Archive for December, 2007

Dec 24 2007

You’ve Lost That Lovin’ Feelin’

I love toast, I love you, I love lamp

By THEBOSTONBACHELOR.COM / December 24, 2007

In tribute to Christmas, Hanukkah, Kwanzaa, Festivus, Spanakopita Day, or whatever holiday you celebrate, here’s some brilliant words of wisdom from Owen Cook’s The Blueprint.  Enjoy.

* * * * *

A poor guy has an identity crisis.  Maybe the problem starts when he gets a feeling that a girl might like him.  He imagines a connection with her and all sorts of shared experiences that don’t exist yet.

He thinks that there’s all this unspoken sexual tension going on beneath the surface.  He even pictures his girl when he listens to all the romantic songs on the radio.  But inevitably, he figures out that his projection doesn’t exist in any shared reality that includes the girl.  To realize that it’s all in his head – that the girl doesn’t actually reciprocate the way that he feels… or think about him while he’s thinking about her…  It’s a hard pill to swallow.

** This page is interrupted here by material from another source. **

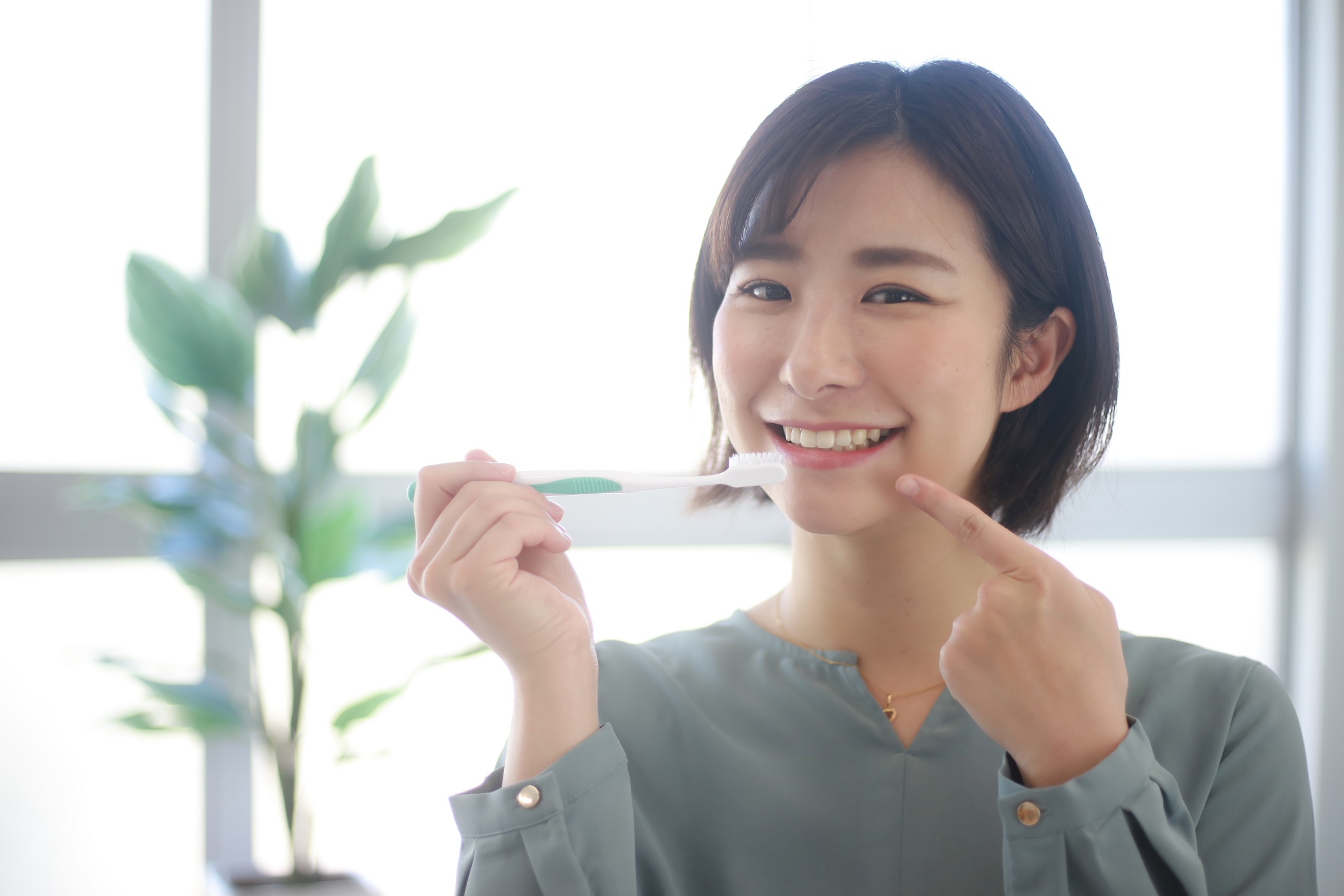 Image of a woman brushing her teeth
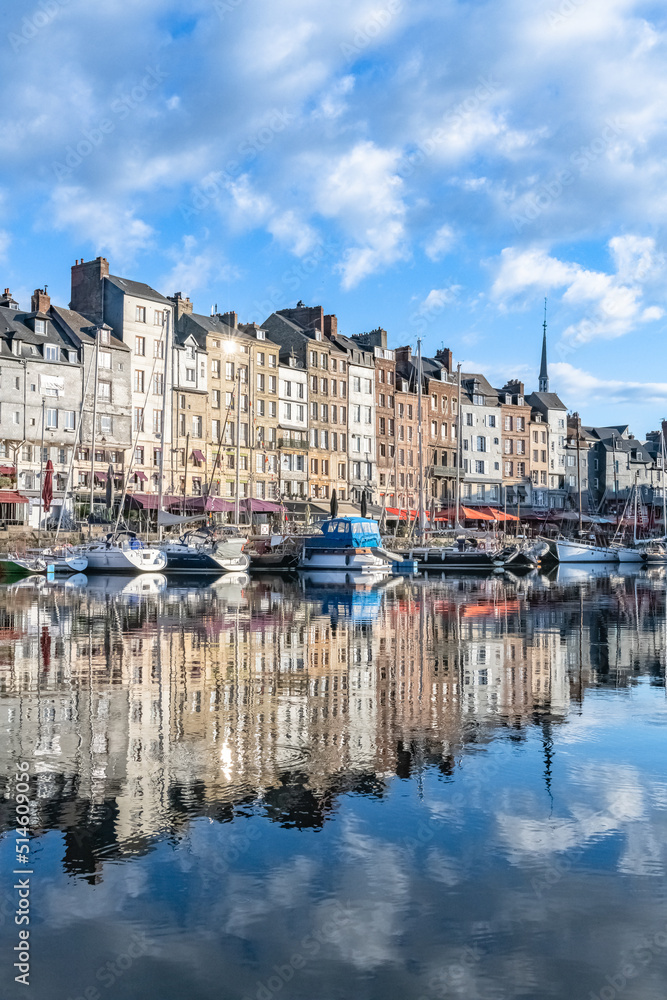 Honfleur, beautiful city in France, the harbor in the morning, reflection on the river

Let’s imagine instead that our poor guy already has a girlfriend.  The problems start for him when he finds out that she’s been cheating.  He’d idealized the relationship.  It felt good.  In order to stay infatuated with his girl, he had screened out any sketchiness and focused on her best attributes and the most fun times that they’d had.  Together, he and his girl had come up with all sorts of shared idealizations that had made their relationship strong.

There were many things that they’d expressed to one another as a way of reinforcing their love.  They remembered the first place that they’d met, gone out, and had sex.  They had a special reason for why they’d met and were still together, that other couples didn’t have.  Their “thing.”  It wasn’t something that they could get from anyone else, so they could feel totally secure to feel their love without fear of loss.  It was not replaceable.

And to make it even stronger, they had continually re-articulated to one another that it would last… “FOREVER.”

What’s funny is that when it ends, all of these special feelings might still be there.  It’s just that there are now all of these new, bad feelings that go along with them.  He wants to feel like he did before.  His reality comes crashing down around him.  He reaches out for his girl to validate their old shared reality, but she is gone from him.  The girl that existed for him no longer exists.  She was a figment of his imagination.  The face that he saw was one of many faces that she had.

He doesn’t realize it, but he has many such faces himself.  We all have different faces for people who have a different value to us.  Are you the same person when you talk to a pushy vagrant asking for spare change as you are when you talk to your mother?  How would a person’s experience of you differ, depending on their value to you?  What he saw in her was the face that a person shows to someone who has value to them.  It is such an easy face to look at.  Like looking into the mirror, and seeing the most beautiful face in the entire world.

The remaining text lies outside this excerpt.